The tensions embodied in this moment — between fiction and
autobiography, the expectations of the observer and the experience of the
witness, not to mention the value of certain experiences in the global literary
marketplace — practically seep through the pages of this collection. As a whole
it traces the journey Adichie herself has taken. Brought up in the Nigerian
college town of Nsukka, in the aftermath of the failed war for Biafran
independence that killed two of her grandparents, she moved to the United States
at 19 to attend college and had early literary success with her novels
“Purple Hibiscus” and
“Half of a Yellow Sun.” All these personhoods
are represented here: the sheltered child, the vulnerable immigrant in
Philadelphia and Brooklyn, the foreign student adrift in a dormitory in
Princeton, the young African writer asked to objectify herself for an
uncomprehending audience.
In this way Adichie traverses a landscape and a mode of
writing we’ve seen before, in the work of — for example — Bharati Mukherjee,
Amy Tan, Chitra Divakaruni and
Jhumpa Lahiri.
And as with these writers,
there’s occasionally the feeling that these stories exhaust themselves too soon;
they collapse under the weight of all that can’t be said in the terse,
monochromatic sentences of the conventional Anglo-American short story. This is
particularly the case in two stories about Nigerian women trapped in the United
States by marriage, “Imitation” and “The Arrangers of Marriage.” In both cases
the narration reveals so little about the protagonists’ inner lives that we
begin to feel, a little uncomfortably, that Adichie is delivering the “news” the
West wants to hear about Africa: pitiful victims, incorrigible villains,
inspirational survivors.
Thankfully, that feeling doesn’t last long. “Ghosts,” in which an elderly
professor in Nsukka meets an old colleague he assumed had died in
the Biafran
war, is a nearly perfect story, distilling a lifetime’s weariness and wicked
humor into a few pages. “Tomorrow Is Too Far,” a kind of ghostless ghost story,
delves beautifully into the layers of deception around a young boy’s accidental
death, remembered by a young Nigerian-American woman who wants desperately to
avoid her own culpability. And there is a whole suite of stories here in which
Adichie calmly eviscerates the pretensions of Westerners whose interest in
Africa masks an acquisitive, self-flattering venality.

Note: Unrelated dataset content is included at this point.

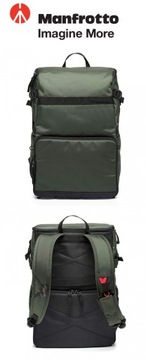 Рюкзак для уличной фотографии Manfrotto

Adichie is keenly aware of the particular burdens that come with literary
success for an immigrant writer, a so-called hyphenated American. Though in this
book she strikes a tricky balance — exposing, while also at times playing on,
her audience’s prejudices — one comes away from “The Thing Around Your Neck”
heartened by her self-awareness and unpredictability. She knows what it means to
sit at the table, and also what it takes to walk away.
Jess Row is the author of “The Train to Lo Wu,” a collection of stories. He
teaches at the College of New Jersey.